ミュージアムは入り口となる「ゲート」に加え、「VRシアター」「ギャラリー」「エキシビションルーム」の4つのエリアで構成。VRシアターでは、全長2メートル、高さ5メートルの大型LEDカーブビジョンを設置し、文化財の映像作品を映し出す。480枚のLEDパネルを組み合わせ、高精細なVR映像を映すことで、「現地を訪れたかのような没入感を実現しただけでなく、実際の建物をVR上で分解して構造を見たり、秘仏の御開帳も観賞できたりする特別な体験もできる」とも。ギャラリーではインタラクティブな文化財鑑賞システムを採用。リモコンを操作すると画面上の文化財を動かすことができ、通常見ることができない作品内部の様子なども映し出すという。
壁面と床面へ映像を投影するエキシビションルームでは、同社の最新の研究成果などを鑑賞できる。直近では、伊藤若冲の幻の作品「釈迦十六羅漢図屏風」を、特殊な印刷技術を用いて着色し、デジタル推定復元に成功したという。
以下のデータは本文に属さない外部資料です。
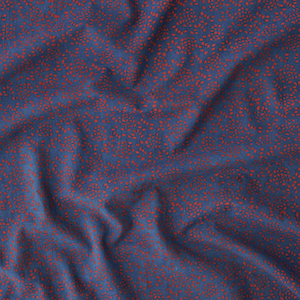 Autumn Leaves / Block-Printed Cotton Fabric / Unbleached Cotton Cloth / Indigo Blue & Alizarin Red Dyes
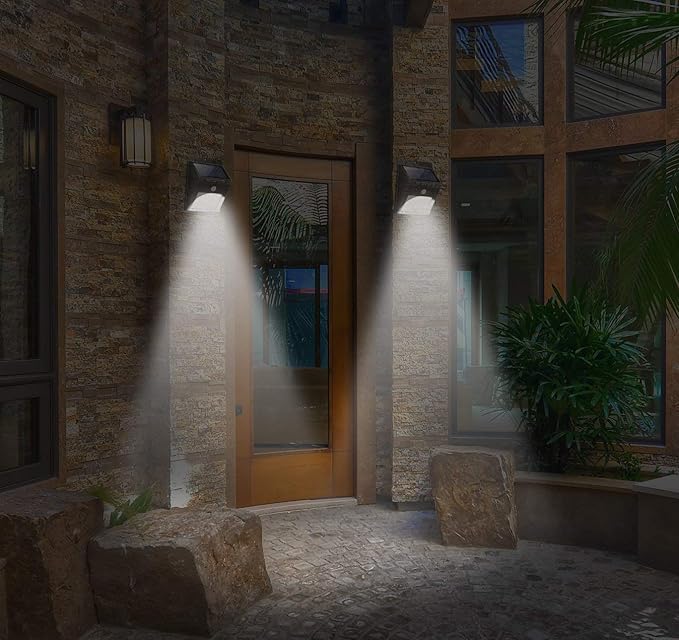 Solar LED Wall Lights Outdoor, Waterproof Wireless Super Bright Security Motion Sensor Light for Garage Yard Patio Garden Pathway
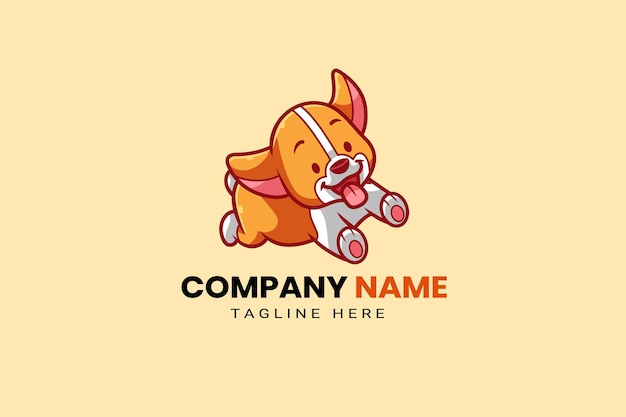 Vettore cute kawaii puppy corgi shiba inu dog mascot cartoon logo template icon illustration hand drawn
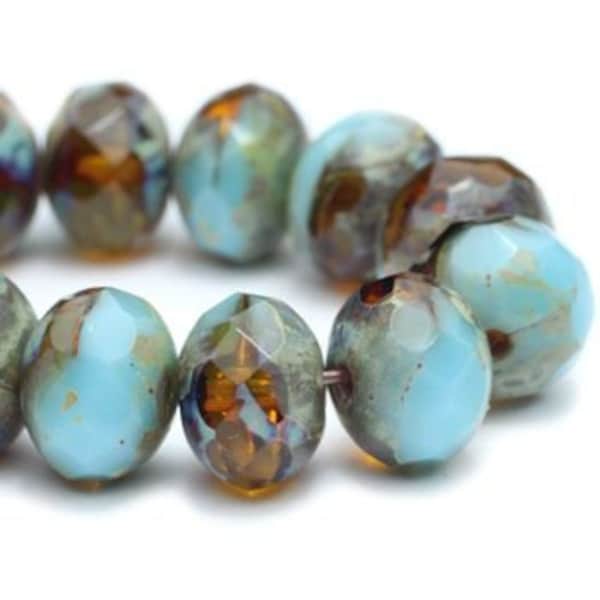 Turquoise Amber Czech Beads, Strand of 25, Czech Rondelle Beads, Czech Glass Beads, Antique Style Beads, Picasso Beads, Glass Beads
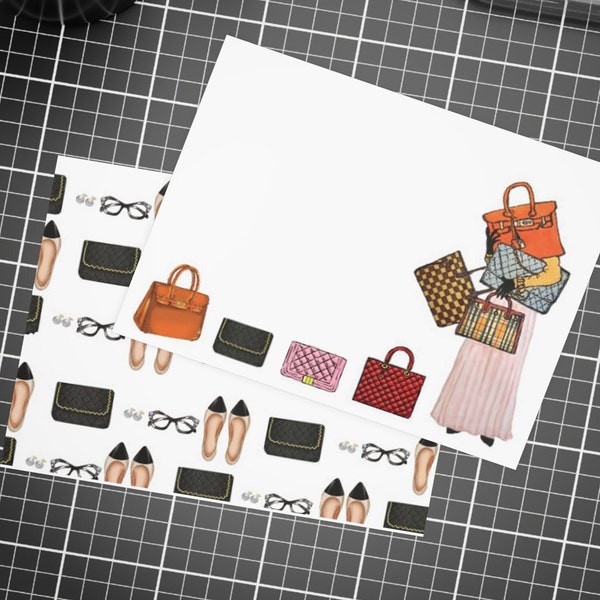 Fashion Handbag Stationery Card Sets w/ Matching Stickers & Envelopes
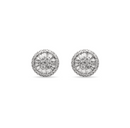 Medium Baguette Illusion Diamond Round Studs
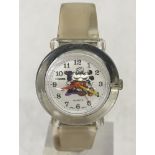 A Mickey & Minnie Mouse wristwatch by West air with clear rubber strap.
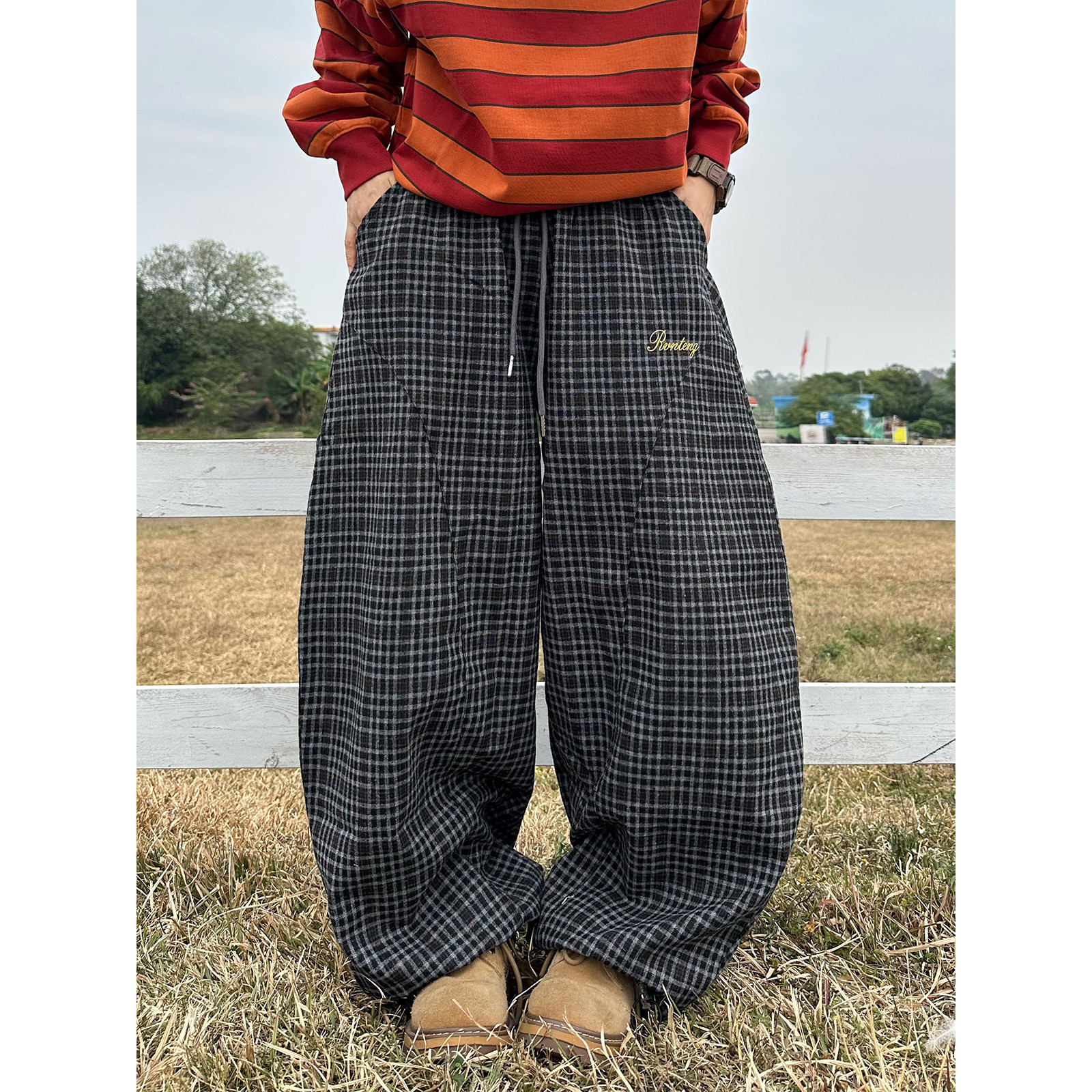 XBRO美式复古磨毛格子弯刀裤男女慵懒感阔腿显瘦街舞垂感拖地长裤,男装,休闲裤,淘宝优惠券,粉丝福利购,淘宝优惠卷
担当者は「焼失した可能性が高いとされるこの作品の記録は、白黒の図版画像のみ。スキャニング調査やデジタル彩色を試みたほか、独特な表現方法である『升目描き』の立体的な方形も、特殊な印刷技術によって表現した」とも。
デジタル文化財活用を目指す団体や、自治体・企業などの共創パートナー向けに運用を始めるが、10月からは週末を中心に一般公開も予定する。齊藤社長は「新しい観光の形や教育ツールなどとしても提案できれば。これまでにない観賞体験を通じて、文化財の魅力を十分に体験いただきたい」と期待を込める。
一般公開に先立ち、8月24日・25日に限定先行公開する。参加申し込みはオンラインによる事前予約制で、鑑賞料金は500円。